N’y voyez surtout pas une invite à pratiquer la soi-disant restauration rapide dans les succursales de certaine chaine à laquelle j’ai suffisamment donné en job étudiant. Mais avouez que se désarticuler la mandibule sur un sandwich à l’épaisseur superlative, et sentir les incisives, canines et prémolaires transpercer successivement les couches de pain, de garniture et viande cuite à cœur pendant que la sauce tiède dégouline lentement sur les commissures labiales relève d’une jouissance de l’excès comparable à celle qu’expérimente le conducteur d’un pick-up full size envoyant juste ce qu’il faut de surplus de couple aux roues motrice afin de provoquer un déhanchement aussi satisfaisant qu’inutile de l’arrière (scène réalisée sur route privée par un conducteur professionnel).
Bon, j’essaye de me border avec la NHTSA , parce que je viens sans doute de m’arranger suffisamment de problèmes comme ça en un seul paragraphe avec les électeurs d’EELV, les végétariens et assimilés et le ministère de la Santé (les tranches de tomates et les pickles, ça compte dans les cinq fruits et légumes par jour ?).
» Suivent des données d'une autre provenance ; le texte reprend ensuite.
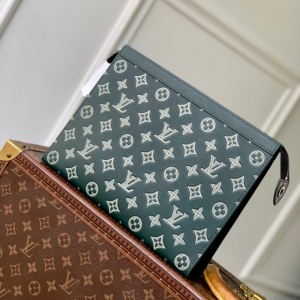 lv louis vuitton pochette voyage mm #m61692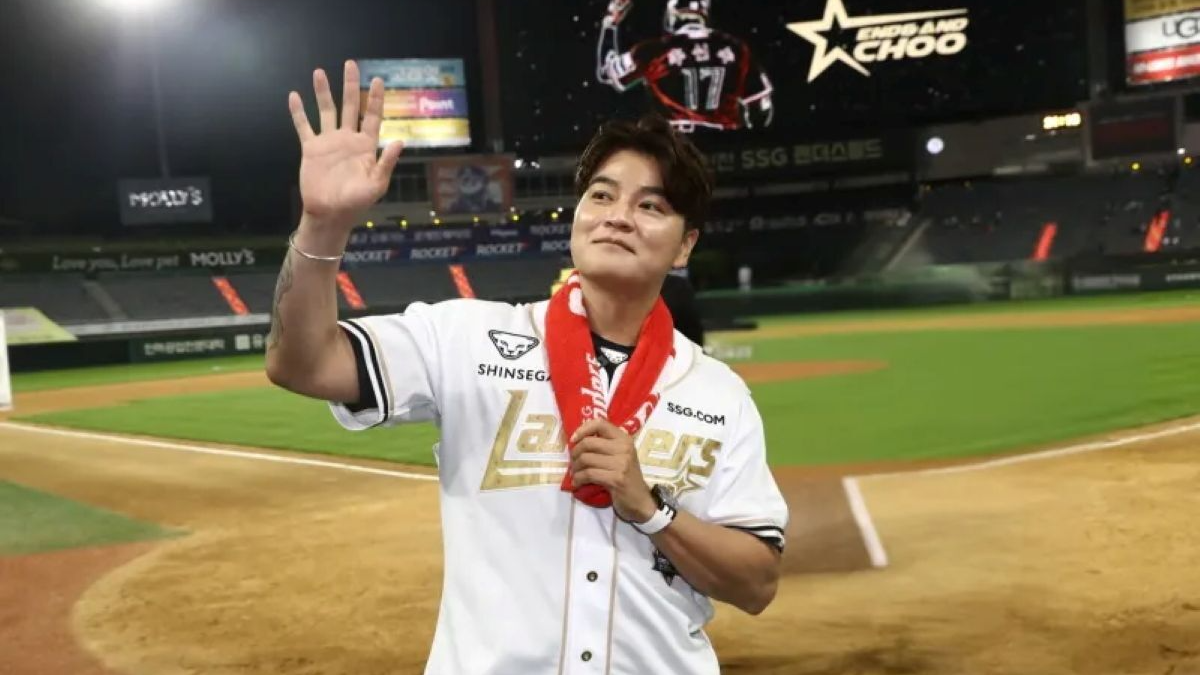 메메이저리거 추신수가 여성 야구단 감독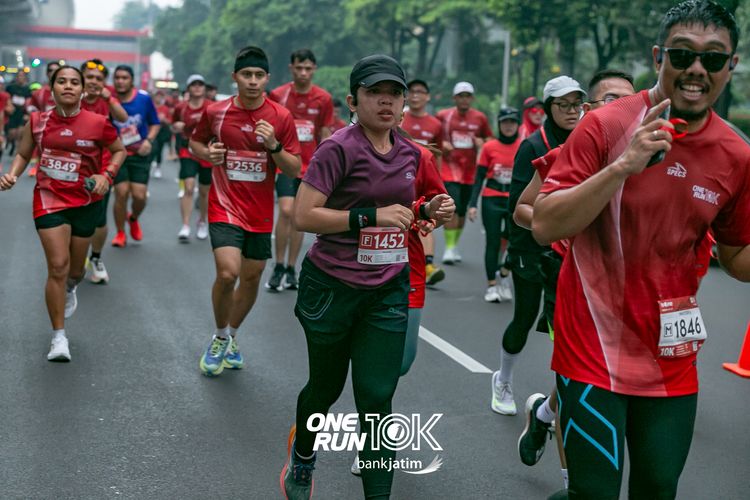 Race photo from ONE RUN 10 K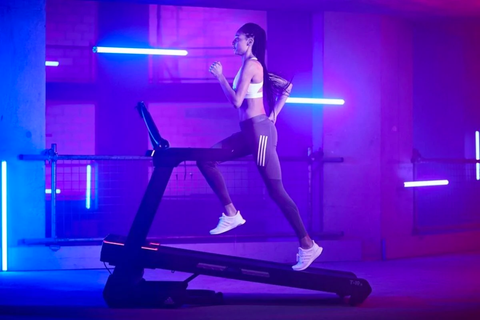 treadmill with sorrounding led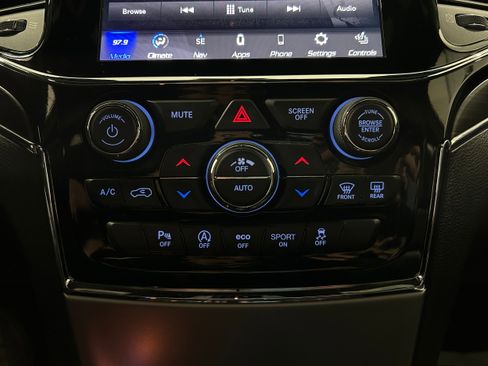 Used 2020 Jeep Grand Cherokee Limited image 11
D’autant plus que je ne suis pas sûr d’améliorer mon cas avec ce qui va suivre. Parce que figurez-vous que je viens de m’arranger une nouvelle lubie.
J’ai des envies d’Hummer.
Non, pas celui qui est mort en 2009 quand GM faisait banqueroute, mais le model year Twenty-twenty-two qui fera renaître la marque dès la fin de l’année. Cette fois-ci, les écolos ne pourront plus rien dire, pas plus que Schwarzy qui avait pourtant mis la marque à la mode au début des 90’s avant de virer sa cuti et de proposer à Greta de rouler en Tesla lors de sa tournée américaine en 2019. Parce que comme son nom complet l’indique, le GMC Hummer EV est une voiture électrique, ce qui signifie donc qu’on pourra bientôt se balader avec sans s’attirer les foudres des détracteurs de l’ancien, dont les différentes motorisations à huit cylindres en V pompait le carburant au rythme de la Cosmopompe des Shadoks.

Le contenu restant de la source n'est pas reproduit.